Jusqu’ici, aucun signal n’est parvenu du gouvernement indiquant que M. Pepy pourrait être limogé avant le terme de son mandat, mais il est révocable à tout moment en conseil des ministres par le président de la République. Et il vient d’être convoqué le 8 janvier, avec Patrick Jeantet, par la ministre des transports, Elisabeth Borne, pour « tirer ensemble le bilan de ces incidents » et présenter leurs « analyses et les actions engagées ».
Greg : Globalement, le nombre d’incidents est-il significativement à la hausse par rapport aux années précédentes ? Si oui, la SNCF a-t-elle réellement les moyens de corriger durablement cette mauvaise tendance ?
Les incidents du genre pannes, blocages, gros retards, ralentissements majeurs sont difficiles à quantifier. Le taux de retard global des trains est, bon an, mal an, de 10 %, sans grand changement. Ce taux s’est dégradé ces dernières années. Plusieurs facteurs sont en cause. Les ralentissements dus au mauvais état du réseau, les travaux de nuit qui durent plus longtemps que prévu ; mais aussi des problèmes techniques dans les ateliers de maintenance qui livrent les trains en retard.
De fait, les pannes spectaculaires ont été nombreuses cette année, dont au moins deux majeures à la gare Montparnasse, les deux liées aux conséquences de travaux de modernisation. Depuis, l’attention médiatique et politique s’est focalisée sur les incidents. Pas sûr que les problèmes du 26 décembre à Saint-Lazare auraient fait les gros titres s’il n’y avait pas eu auparavant cette série d’incidents.
monsieurbend : Plutôt que de développer des LGV au coût exorbitant et aux billets très chers, pourquoi la SNCF ne consacre-t-elle pas des investissements à changer les rails et au développement des Intercités accessibles à tous ?
C’est justement ce qui change depuis quelques années. Une prise de conscience générale sur les besoins de renouvellement du réseau a réorienté les investissements vers le réseau actuel le plus utilisé. Dans les années 1990, on rénovait deux fois moins de kilomètres de lignes qu’aujourd’hui ; cela a changé dans les années 2010.
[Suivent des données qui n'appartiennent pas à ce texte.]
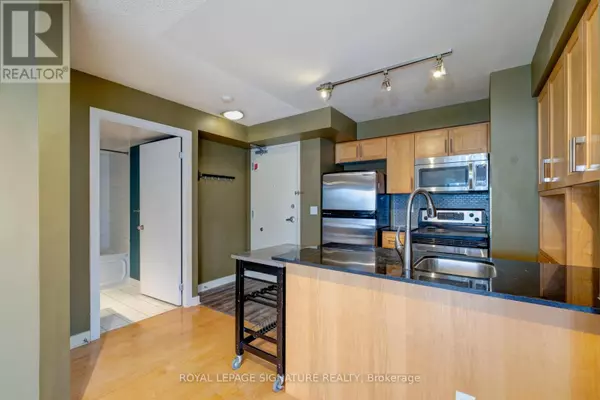 Toronto (moss Park), ON M5A4T7,255 Richmond ST East #1505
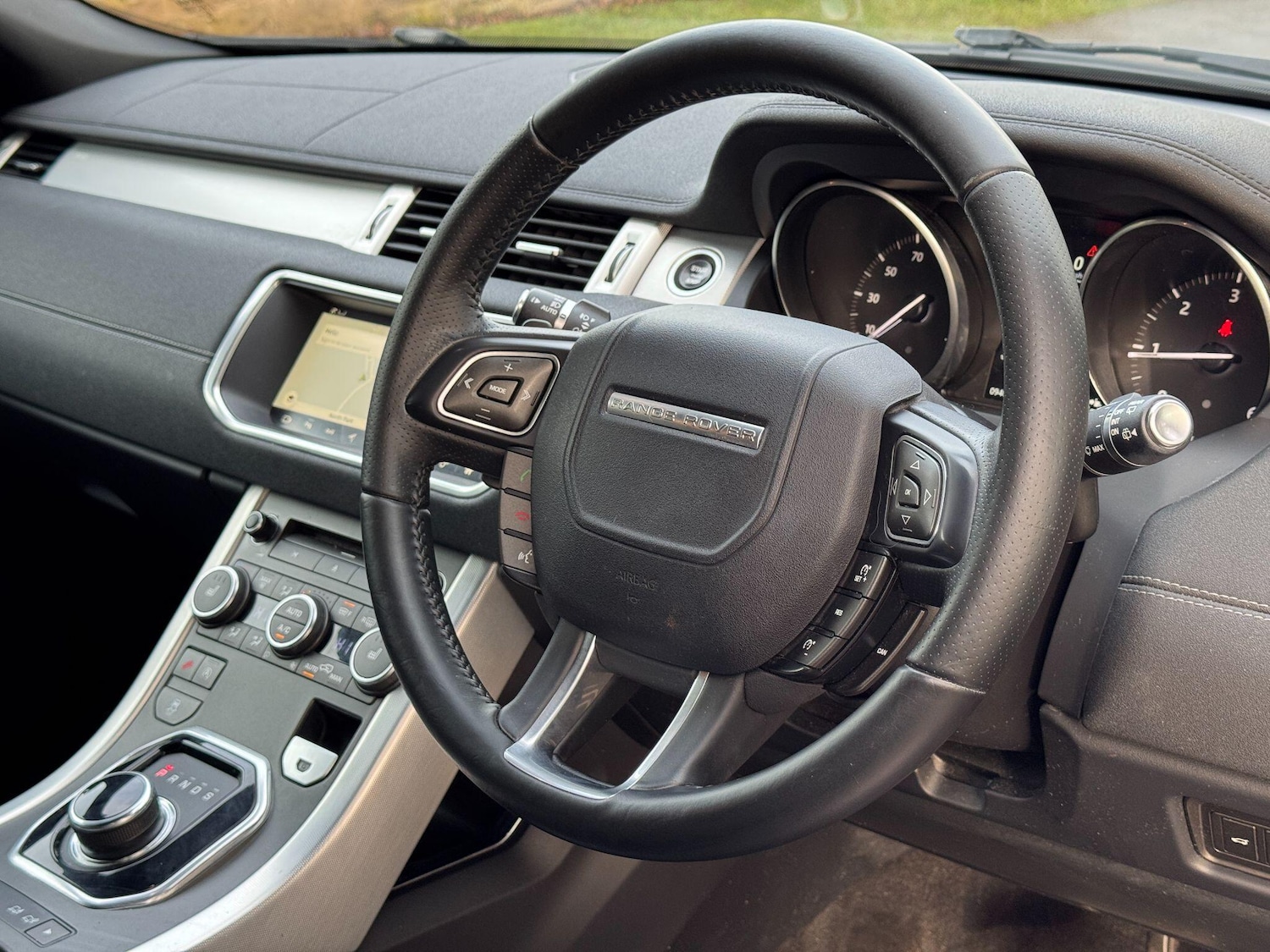 Used Land Rover Range Rover Evoque 2016 for sale - 77254850: Photo 4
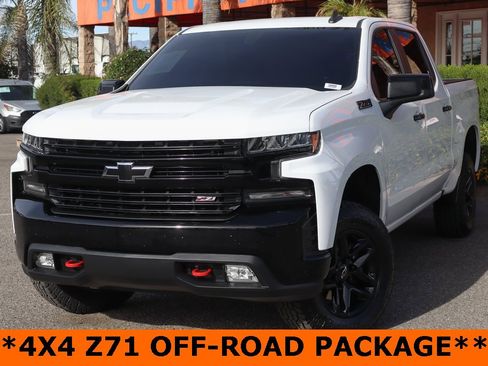 Used 2020 Chevrolet Silverado 1500 LT Trail Boss image 4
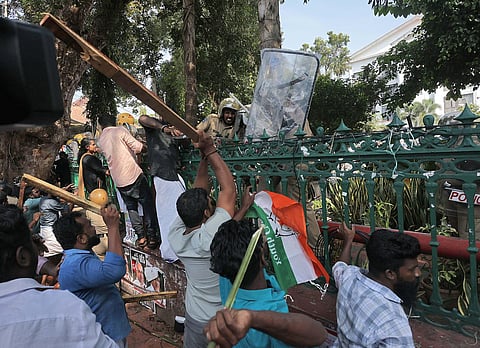 Youth Congress activists attacking police using wooden rods in front of the Secretariat in Thiruvananthapuram on Wednesday, December 20, 2023. (Photo | BP Deepu)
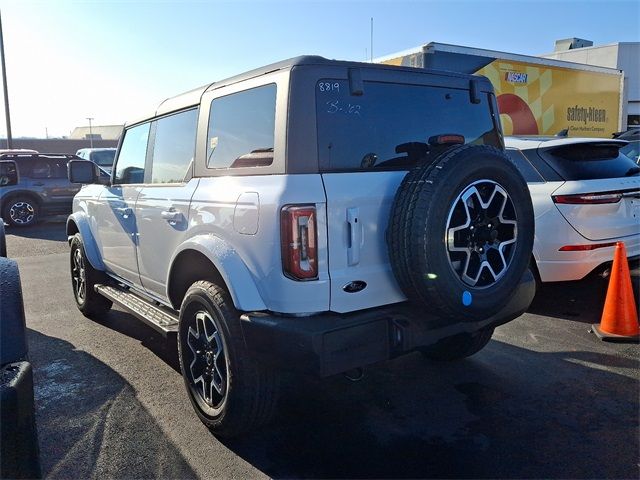 2024 Ford Bronco Outer Banks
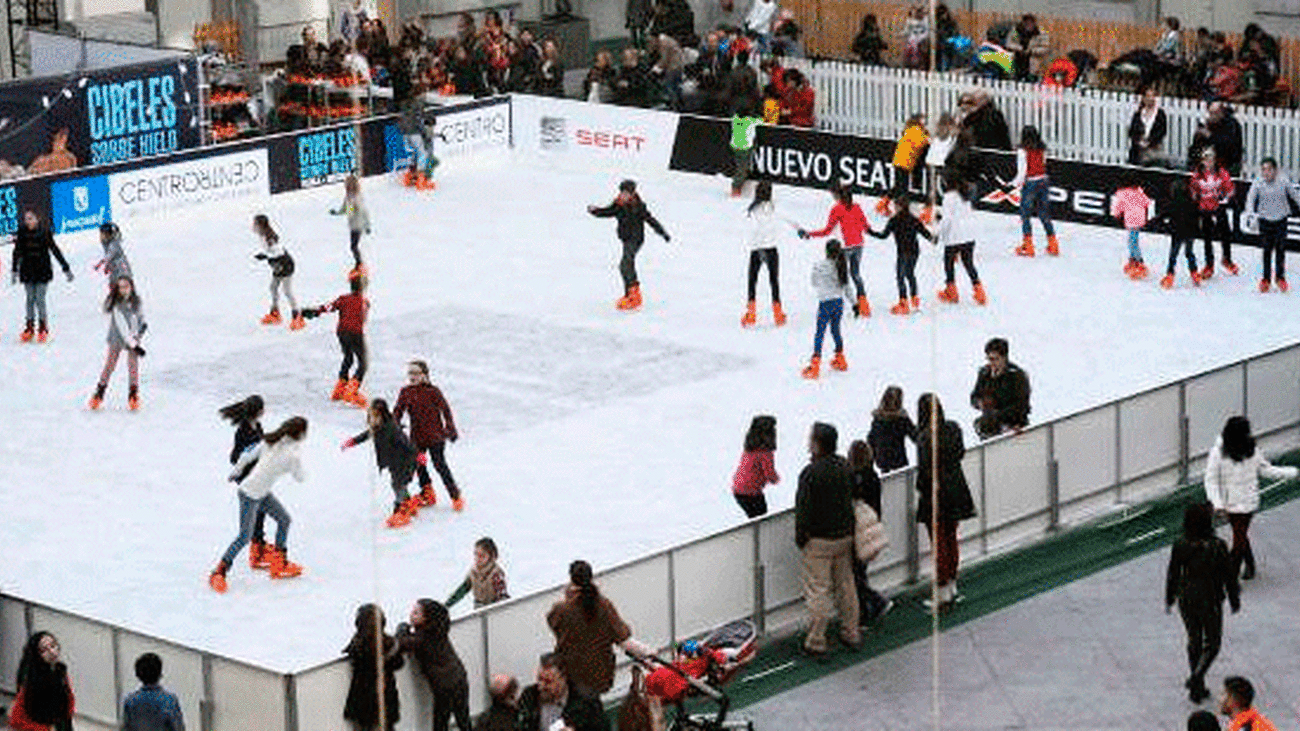 Pista de hielo en la Galería de Cristal del Palacio de Cibeles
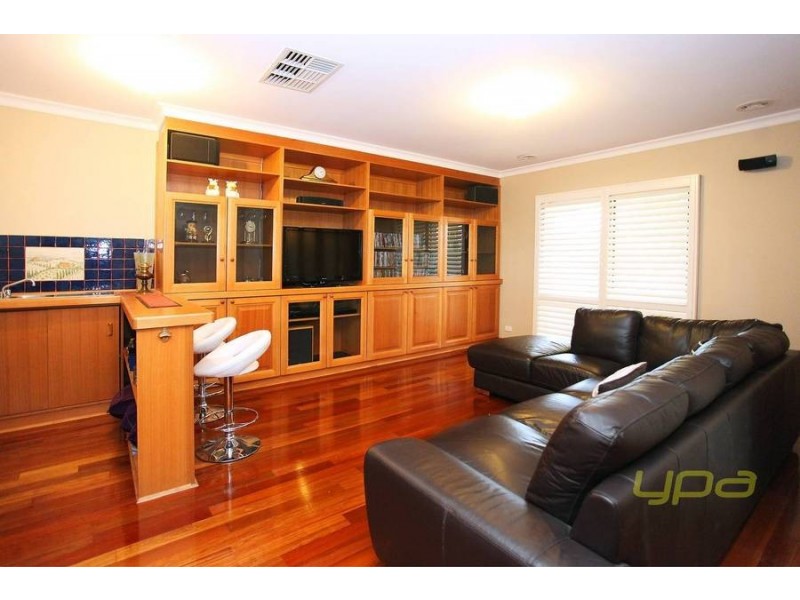 15 Brentwood Drive, Werribee VIC 3030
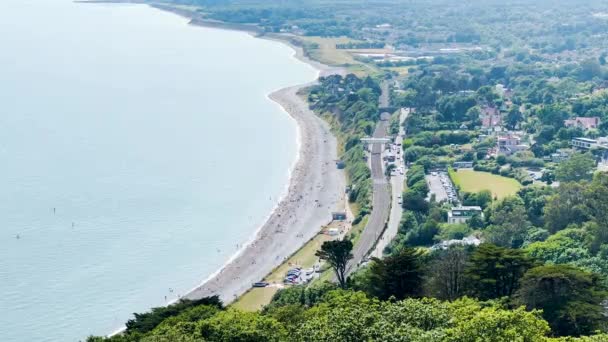 Killiney Beach Dengan Banyak Orang Pada Hari Yang Cerah Dengan — Stok Video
Isa : Y a-t-il des chiffres actualisés qui donneraient un état des lieux de l’état de santé du réseau ferré français ? Combien de kilomètres au total ? Combien de kilomètres qui doivent être remis à niveau ? Quels investissements programmés ?
Avec 28 800 kilomètres de lignes exploitées, le réseau ferré français est le deuxième plus grand en Europe après celui de l’Allemagne. Son âge moyen est de 31 ans (19 ans pour les lignes à grande vitesse, hors les quatre nouvelles lignes ouvertes en 2016 et 2017). On notera que 50 % des circulations se font sur 9 % du réseau, en particulier en Ile-de-France. A l’inverse, un tiers des voies ferrées ne voient passer que 1 % des trains.
La SNCF et l’Etat ont signé un contrat de performance prévoyant 46 milliards de travaux de rénovation sur un réseau de plus en plus ralenti d’ici à 2026. Cette année, 4,6 milliards d’euros ont été dépensés en travaux divers. Au total 1 600 chantiers, la plupart de nuit, sont en cours sur le réseau ferré national.
La ministre des transports demande des comptes à la SNCF
La ministre des transports, Elisabeth Borne, a écrit aux dirigeants de la SNCF, mercredi 27 décembre, pour leur demander des comptes à la suite de la « succession d’incidents importants et médiatisés » survenus ces derniers jours dans les gares parisiennes de Montparnasse, Bercy et Saint-Lazare.
« Tous ces incidents n’ont pas le même niveau de gravité. Pourtant, pour beaucoup, et notamment pour les voyageurs touchés par ces incidents, la répétition de ces situations apparaît incompréhensible et suscite une légitime exaspération », a souligné Mme Borne dans un courrier dont l’Agence France-Presse a obtenu une copie.
La ministre a convoqué le patron du groupe public et président de SNCF Mobilités, Guillaume Pepy, et le président de SNCF Réseau, Patrick Jeantet, le 8 janvier pour qu’ils puissent « tirer ensemble le bilan de ces incidents » et qu’ils présentent leurs « analyses et les actions engagées ».